Comme les chercheurs l’ont déjà expliqué lorsque nous avons posé des questions sur ces énigmes orthographiques, l’IA ne perçoit pas les phrases comme des unités de langage composées de mots et de lettres. De nombreux LLM sont construits sur des modèles de transformateurs, qui décomposent le texte en jetons, qui peuvent être des mots complets, des syllabes ou des lettres, selon le modèle. Au lieu de « lire » comme le ferait un humain, l’IA convertit le texte en représentations numériques de lui-même, qui sont ensuite contextualisées pour aider l’IA à trouver une réponse logique.

« Les LLM sont basés sur cette architecture de transformateur, qui ne lit pas réellement de texte. Ce qui se passe lorsque vous saisissez une invite, c’est qu’elle est traduite en un encodage », a déclaré Matthew Guzdial, chercheur en IA et professeur adjoint à l’Université de l’Alberta, à TechCrunch. « Quand il voit le mot ‘le’, il a cet encodage unique de ce que ‘le’ signifie, mais il ne connaît pas ‘T’, ‘H’, ‘E’. »

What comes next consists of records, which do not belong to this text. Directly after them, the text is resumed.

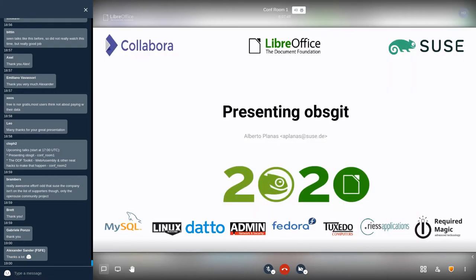Hi, good evening. I am Alberto Planas. I am part of the openSUSE community but also a SUSE employee, part of a very cool team called the Future Technology Team. We basically do crazy stuff — we have a lot of freedom to experiment and to provide alternative solutions to new problems.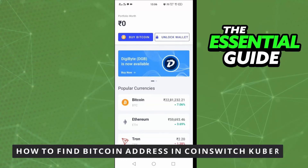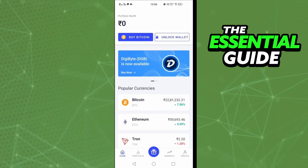Hello everybody, how's it going today? I'll be teaching you how to find your Bitcoin address in CoinSwitch. The first thing you need to do, and this is very important, is to make sure the app on your cell phone is updated. This works for any device — Android or iPhone.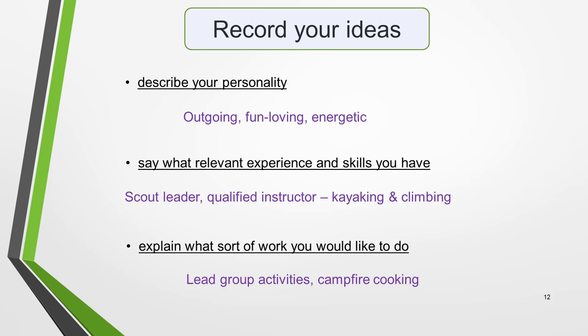Just make sure that your ideas are directly related to the bullet points. Note them beside each bullet point on the exam paper. For 'describe your personality', I've noted down: outgoing, fun-loving, energetic. For 'say what relevant experience and skills you have', I've jotted down: scout leader, qualified instructor, kayaking and climbing. And for 'explain what sort of work you would like to do', I've noted: lead group activities, campfire cooking.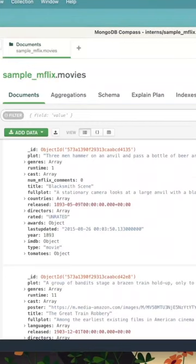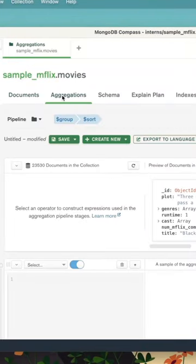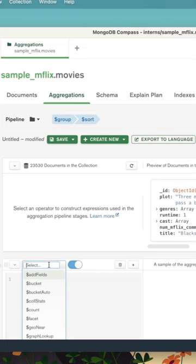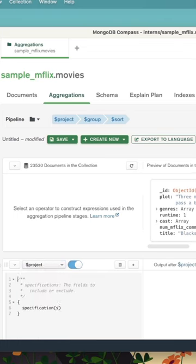Did you know MongoDB Compass had an aggregation pipeline builder? Just open your collection and click on the aggregations tab. Here you can add the stages to your pipeline. You can use these to manipulate or perform calculations on your data.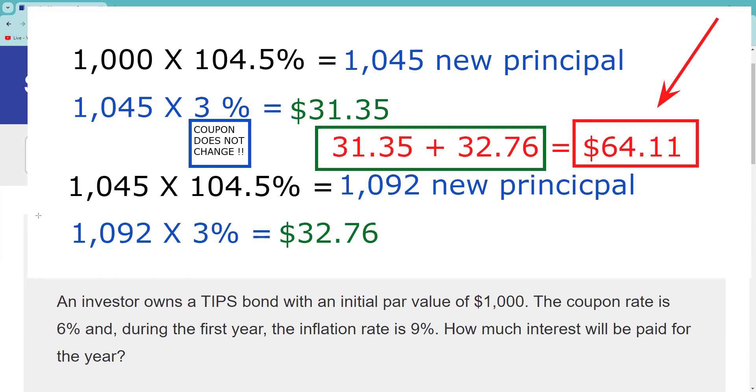Now, by the way, as I mentioned, you could just shop the answer set and know because of the compounding feature it's gotta be something more than the $60. And that alone, I think more often than not, 90% of the time, will get you the answer.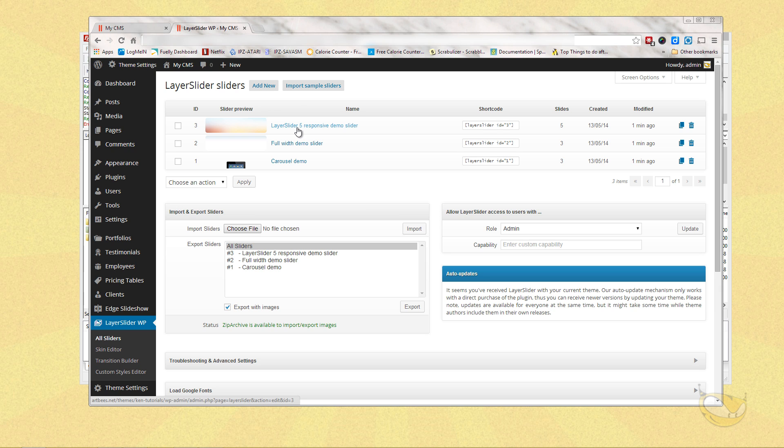So that about wraps up installing the Ken theme and its related plugins. So tune in for our next video and have a wonderful day.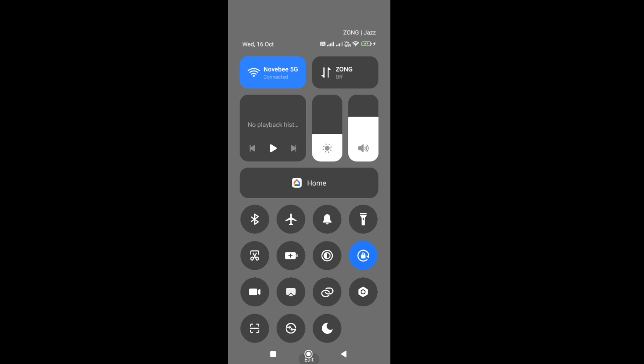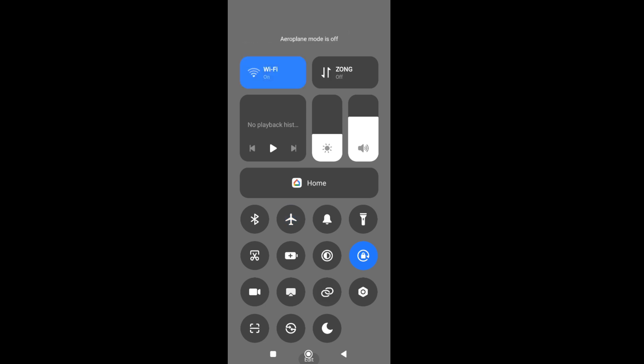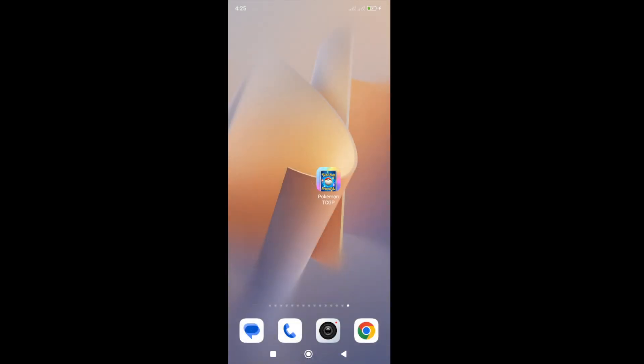Also, turn on the flight mode for some time like five to ten seconds and leave it, then turn it off again. Connect your connection, enter into the game and check whether the issue is fixed or not.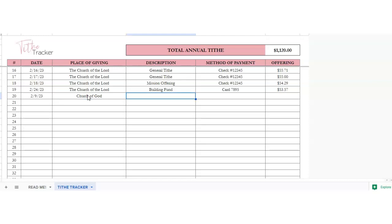Now the description. You can choose what kind of tithe you're giving. If it's going to be to the building fund or if it's going to be to the missions or if it's just going to be general tithe.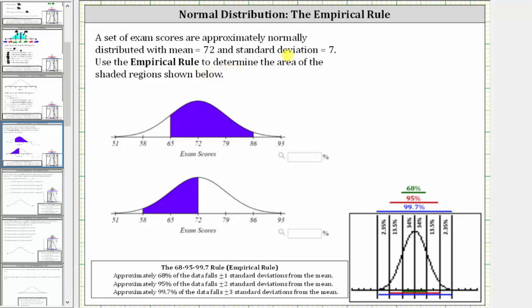A set of exam scores are approximately normally distributed with a mean of 72 and a standard deviation of seven. We're asked to use the empirical rule to determine the area of the shaded regions shown below.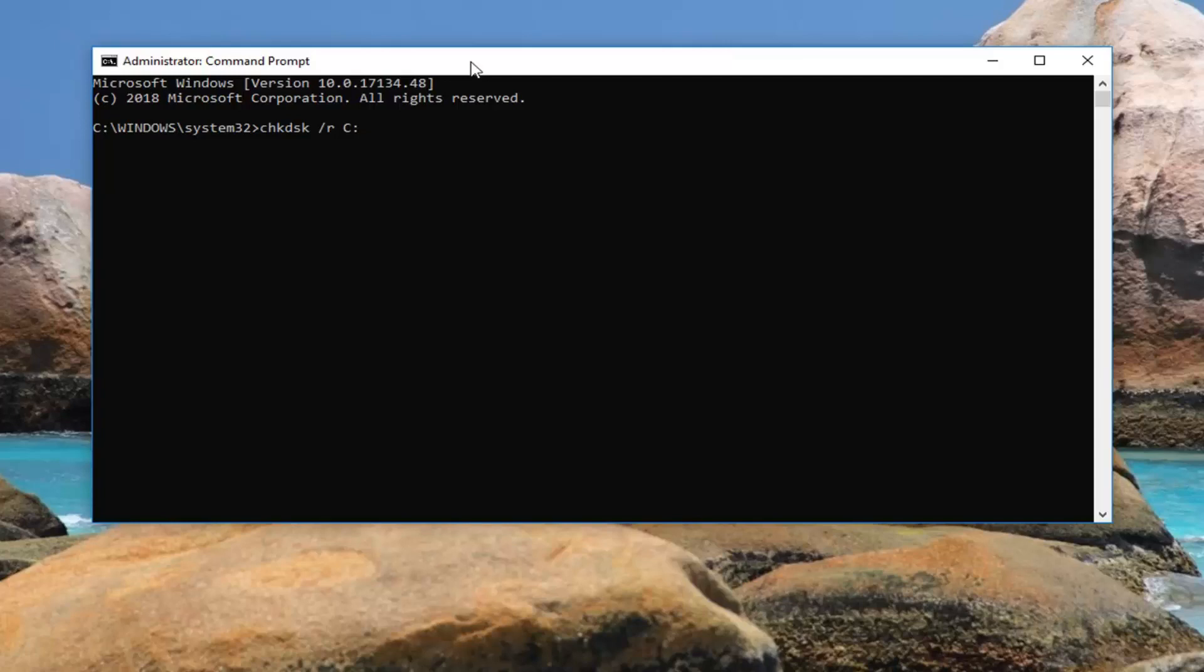So again: chkdsk /r C: and then hit Enter.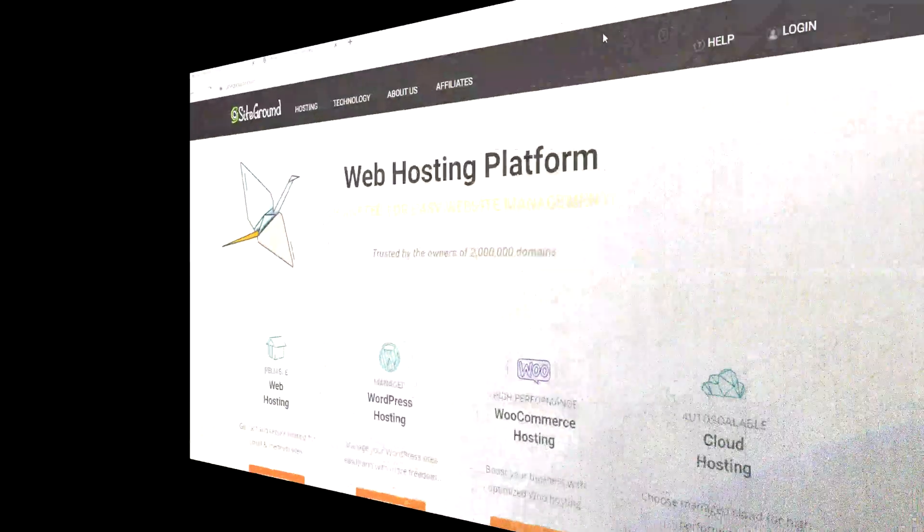So when looking for an e-commerce web host, you want to make sure it's running the latest PHP, has multiple data centers, a CDN, advanced caching, et cetera. So what are some of the best e-commerce web hosts that you need to be aware of? Let's get to it.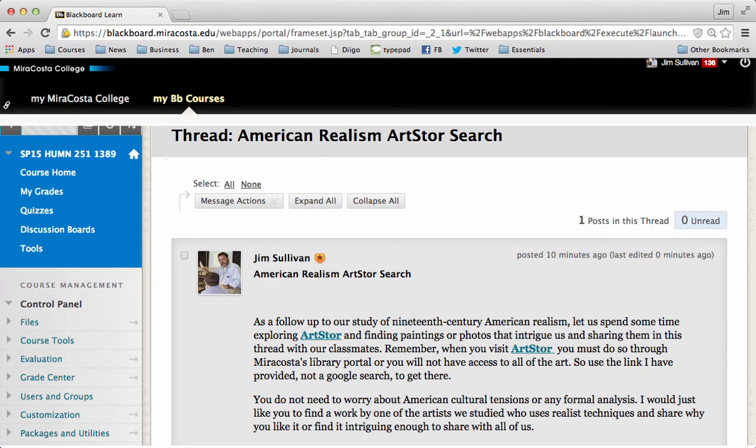Howdy! I want to share with you how to find a realist painter or photographer in ArtStore, how to find a work of art that interests you, and how to share it.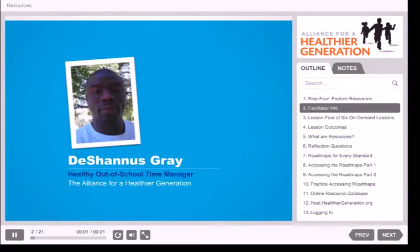Hello, my name is Deshaunas Gray and I am a Healthy Out-of-School Time Manager for the Alliance for a Healthier Generation. I help organizations and individuals in out-of-school time settings change their policies and practices so that they encourage healthy eating, physical activity, and youth engagement.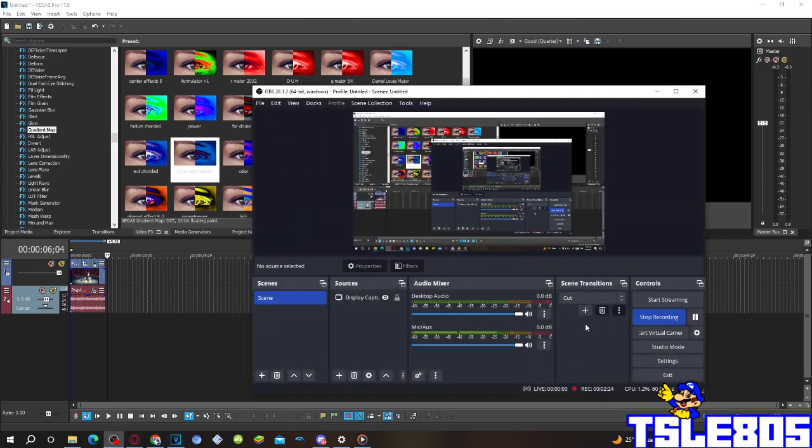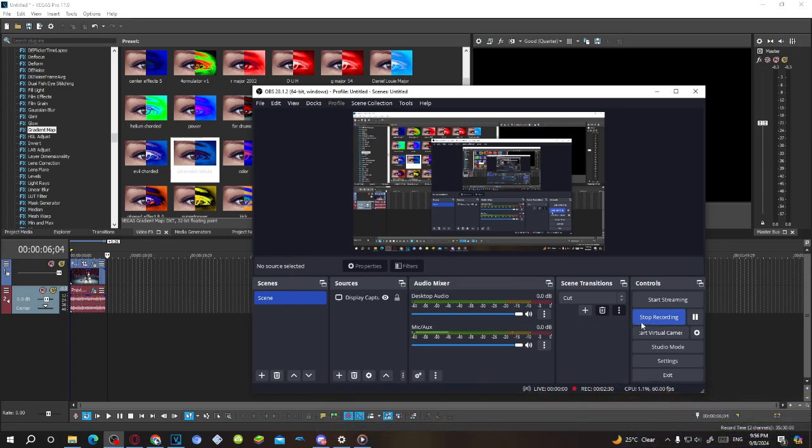Alright guys, so that's for this tutorial. This is me, signing off. Thanks for watching.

L’architecture basée sur des jetons qui alimente les LLM comme l’aperçu de l’IA de Google est intrinsèquement limitante, et les chercheurs ne sont pas optimistes quant à leur capacité à résoudre le problème d’orthographe.
« Il est assez difficile de contourner la question de savoir ce que devrait être exactement un » mot « pour un modèle de langage, et même si nous parvenions à ce que des experts humains se mettent d’accord sur un vocabulaire symbolique parfait, les modèles trouveraient probablement toujours utile de » fragmenter « les choses encore plus loin », a déclaré Sheridan Feucht, doctorante étudiant l’interprétabilité des grands modèles de langage à la Northeastern University, à TechCrunch. « Je suppose qu’il n’existe pas de tokeniseur parfait en raison de ce genre de flou. »
Il ne s’agit pas nécessairement d’un problème urgent dans l’esprit des chercheurs, puisque l’utilité des LLM ne réside pas dans leur capacité à épeler. Mais ces échecs flagrants nous rappellent que l’IA n’est pas parfaite, même si elle peut parfois apparaître comme une puissance omnisciente au-delà de notre compréhension. Nous ne pouvons pas faire aveuglément confiance aux résultats de l’IA sans vérifier leur exactitude.